Work to complete: The answer is all of the entries below, repeated exactly and free of pictures.

*** Provided material ***

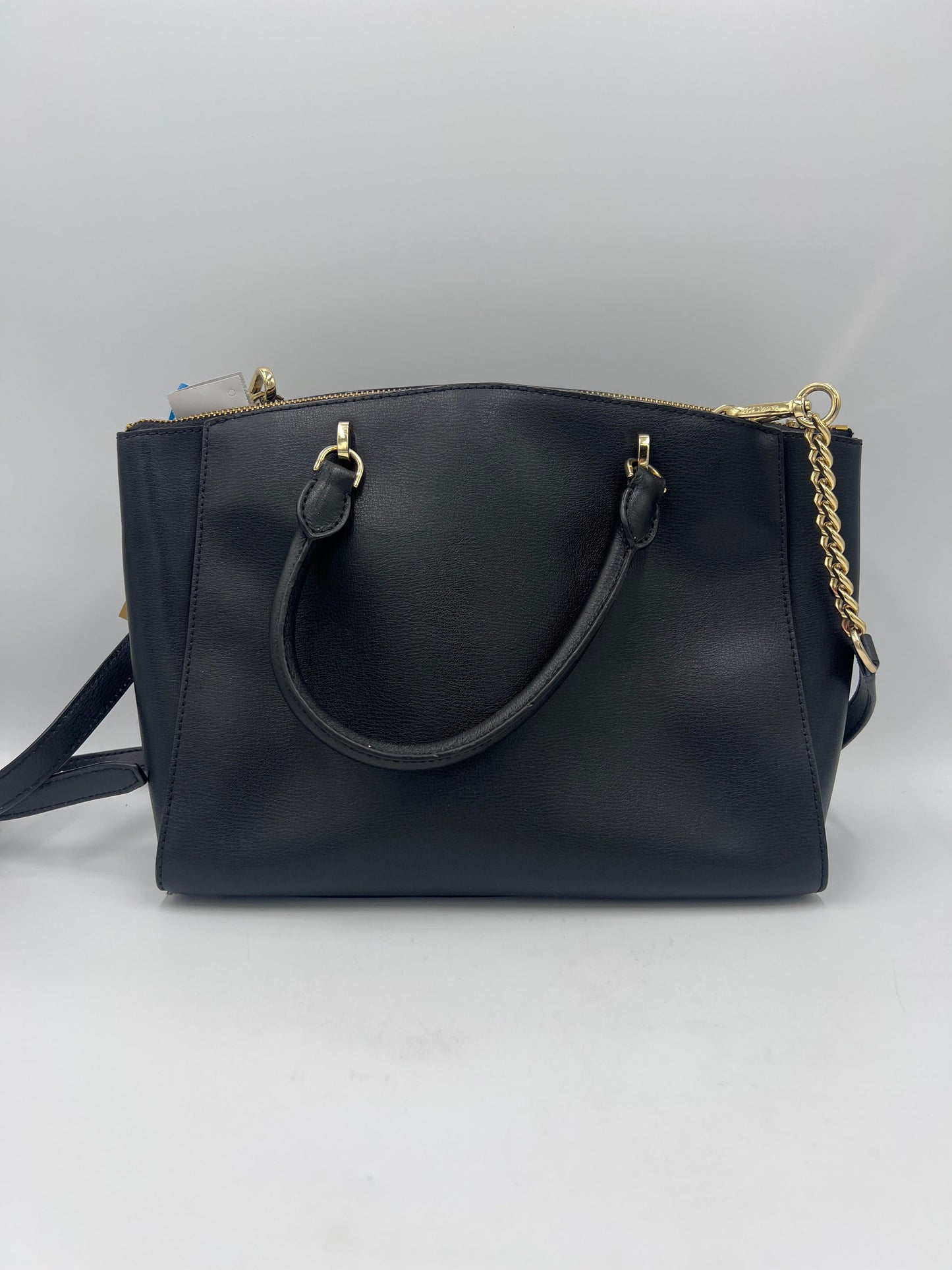 Like New! Handbag Designer By Michael Kors  Size: Medium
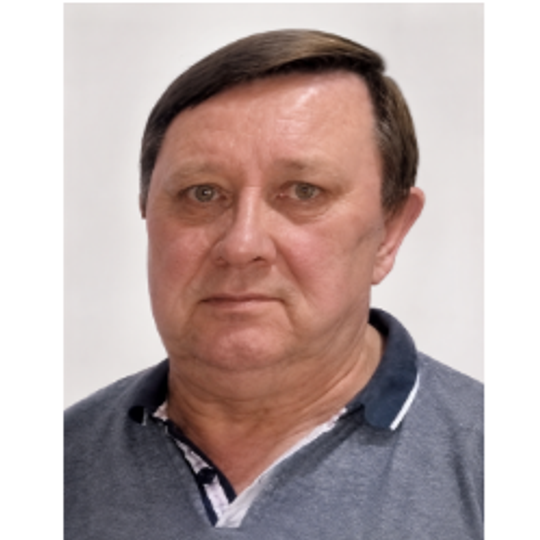 STEFAN WĄSIK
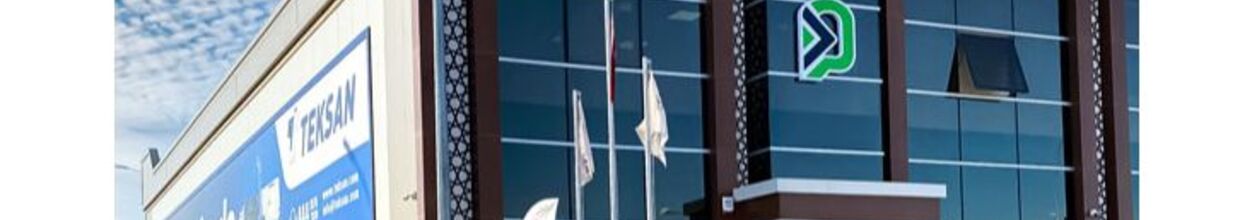 PANOTEKNİK JENERATÖR ELEKTRİK SAN TİC LTD ŞTİ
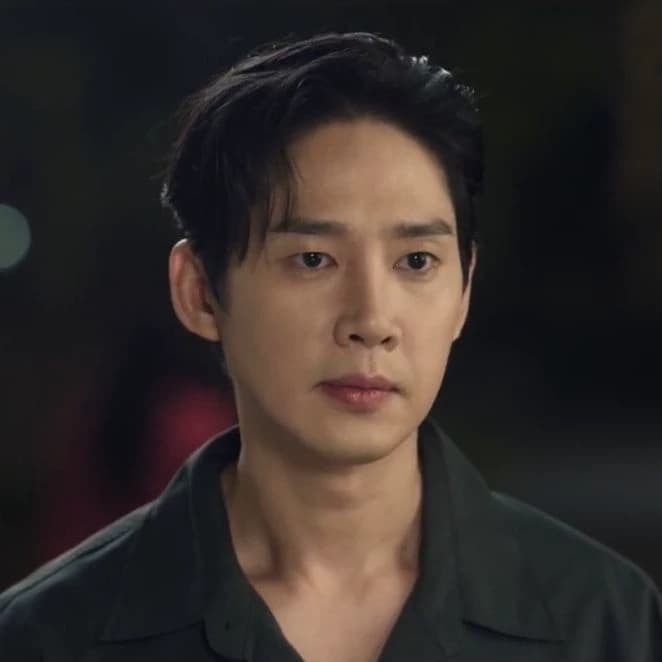 Jae-jun thumbnail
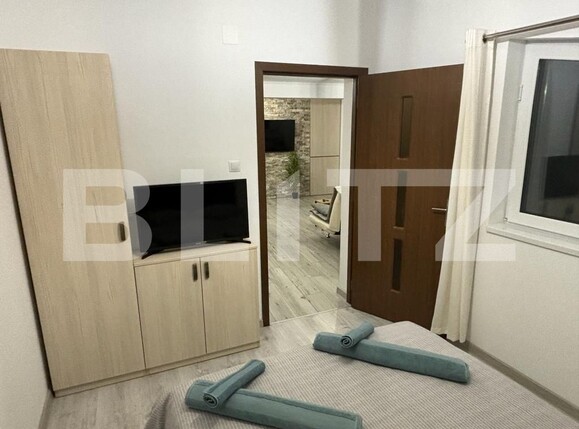 Apartament de închiriat 4 camere Iosia - 134369AI | BLITZ Oradea | Poza10
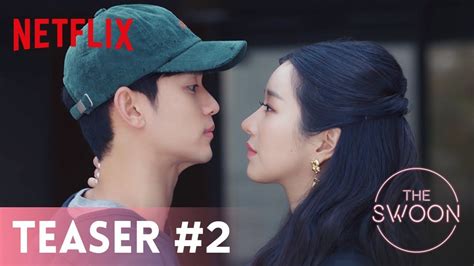 Watch and download its okay its love episode 1 with english sub in high quality. It's Okay to Not Be Okay | Official Teaser #2 | Netflix ...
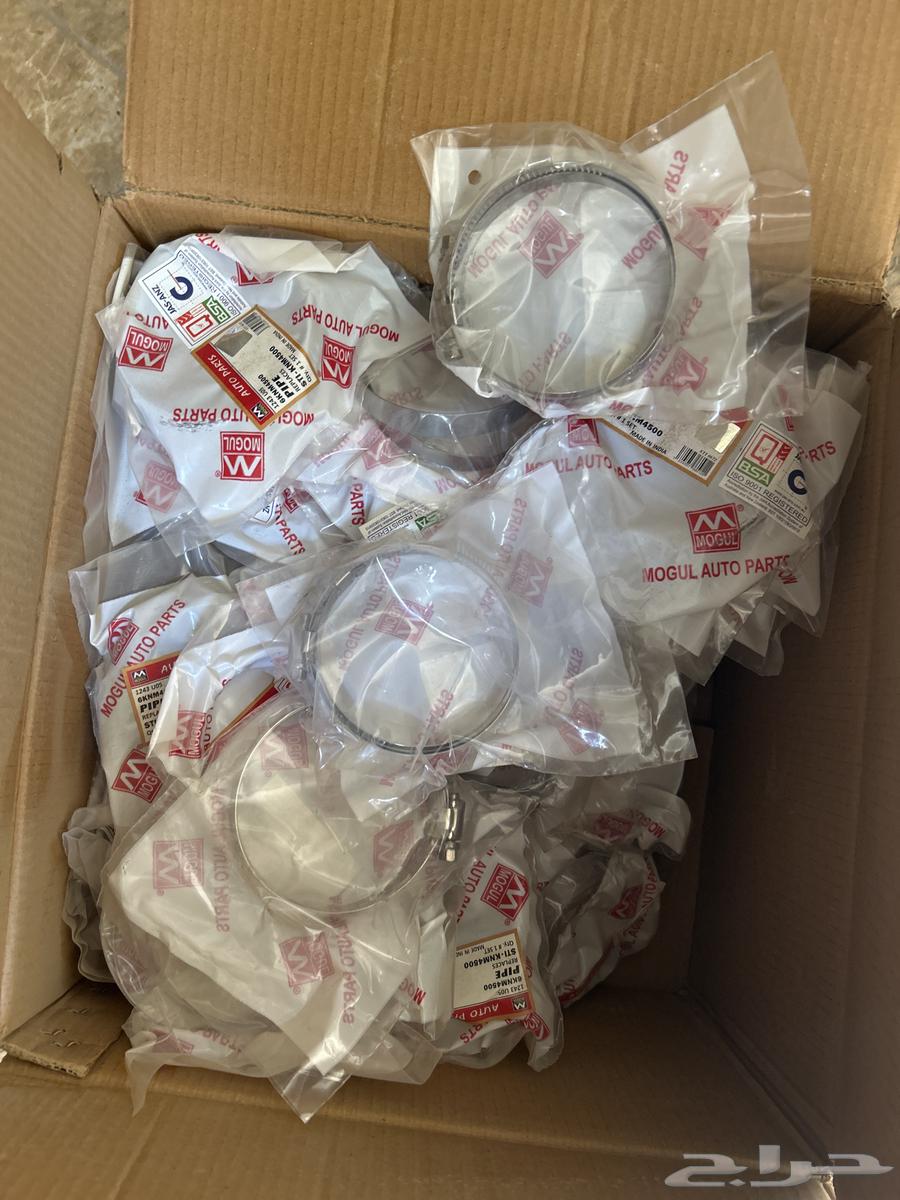 Qafeez64401161009667110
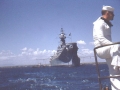 651  F(Zinkan) Liberty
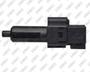 Imagem de Interruptor Freio RHO404 Tracker 02/09 Captiva 08/10 - 93307732 - 93384308 - 96628565 -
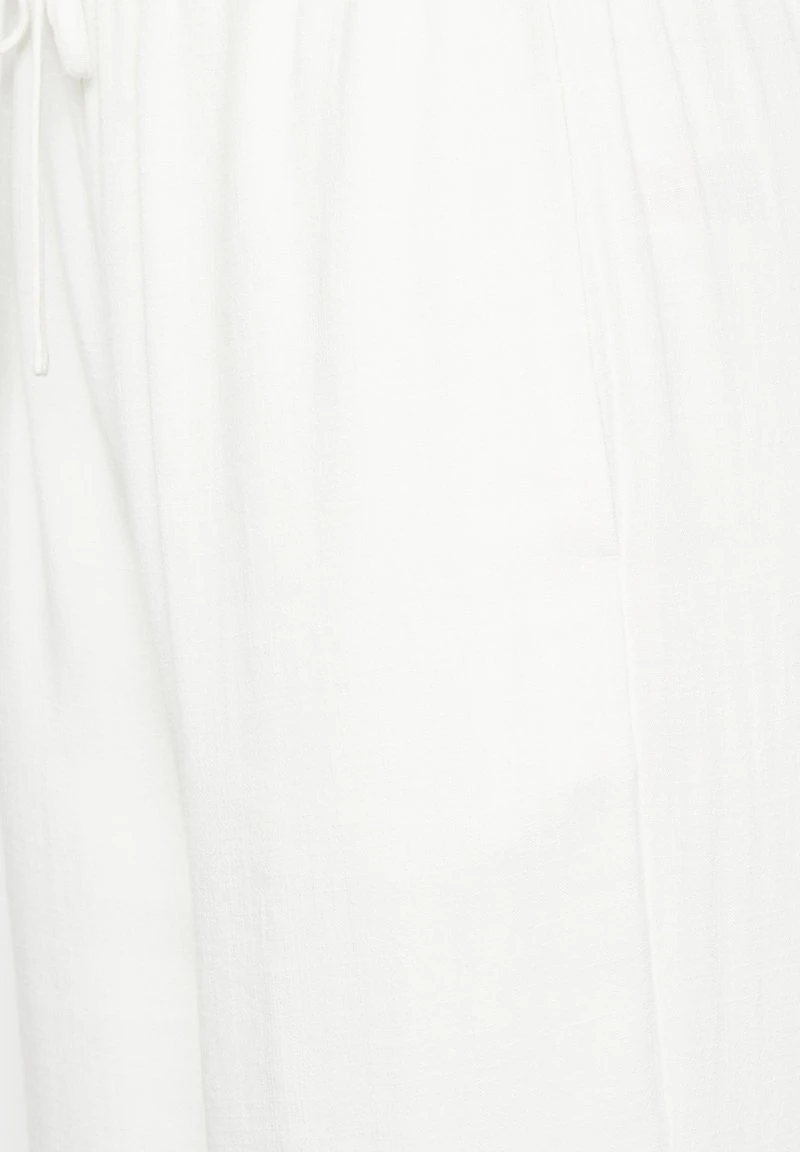 Stoffhose - White 5 Stoffhose - White – Bild 5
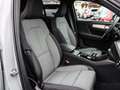 Volvo XC40 B3 Plus Black Edition 2WD Grigio - thumbnail 6
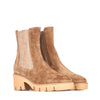 Tronchetto LUCA GROSSI Beatles elastico
Beige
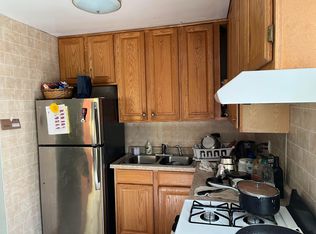 3821 Clinton Ave, Minneapolis, MN 55409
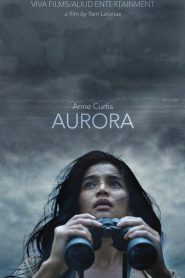 ออโรร่า เรืออาถรรพ์ Aurora (2018)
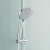 Душевой гарнитур Grohe Euphoria 110 Duo 27225001 Душевой гарнитур Grohe Euphoria 110 Duo 27225001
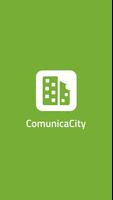 ComunicaCity 포스터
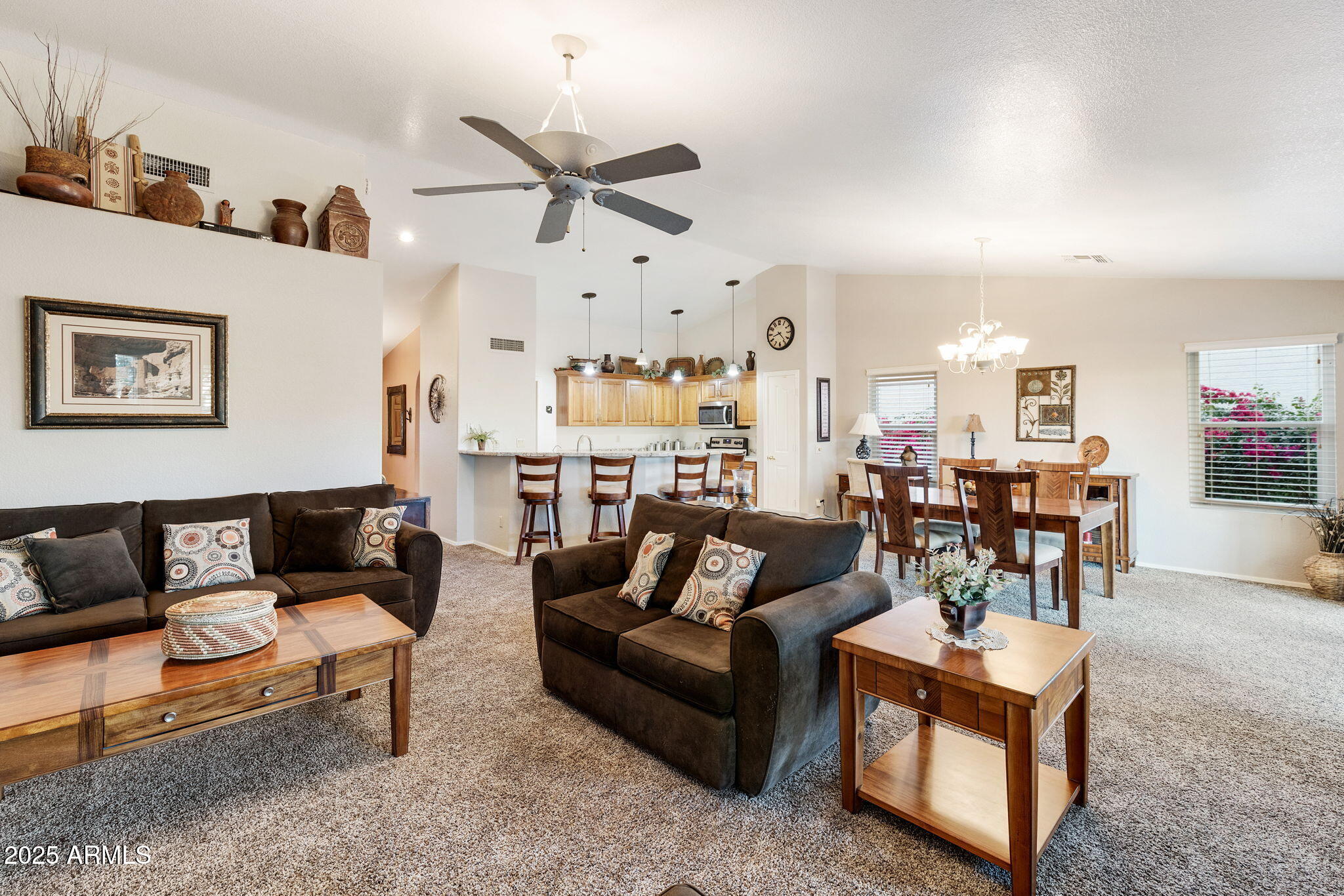 24714 S ONTARIO Drive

*** End of Provided material ***

Answer:
 Like New! Handbag Designer By Michael Kors  Size: Medium
 STEFAN WĄSIK
 PANOTEKNİK JENERATÖR ELEKTRİK SAN TİC LTD ŞTİ
 Jae-jun thumbnail
 Apartament de închiriat 4 camere Iosia - 134369AI | BLITZ Oradea | Poza10
 Watch and download its okay its love episode 1 with english sub in high quality. It's Okay to Not Be Okay | Official Teaser #2 | Netflix ...
 Qafeez64401161009667110
 651  F(Zinkan) Liberty
 Imagem de Interruptor Freio RHO404 Tracker 02/09 Captiva 08/10 - 93307732 - 93384308 - 96628565 -
 Stoffhose - White 5 Stoffhose - White – Bild 5
 Volvo XC40 B3 Plus Black Edition 2WD Grigio - thumbnail 6
 Tronchetto LUCA GROSSI Beatles elastico
Beige
 3821 Clinton Ave, Minneapolis, MN 55409
 ออโรร่า เรืออาถรรพ์ Aurora (2018)
 Душевой гарнитур Grohe Euphoria 110 Duo 27225001 Душевой гарнитур Grohe Euphoria 110 Duo 27225001
 ComunicaCity 포스터
 24714 S ONTARIO Drive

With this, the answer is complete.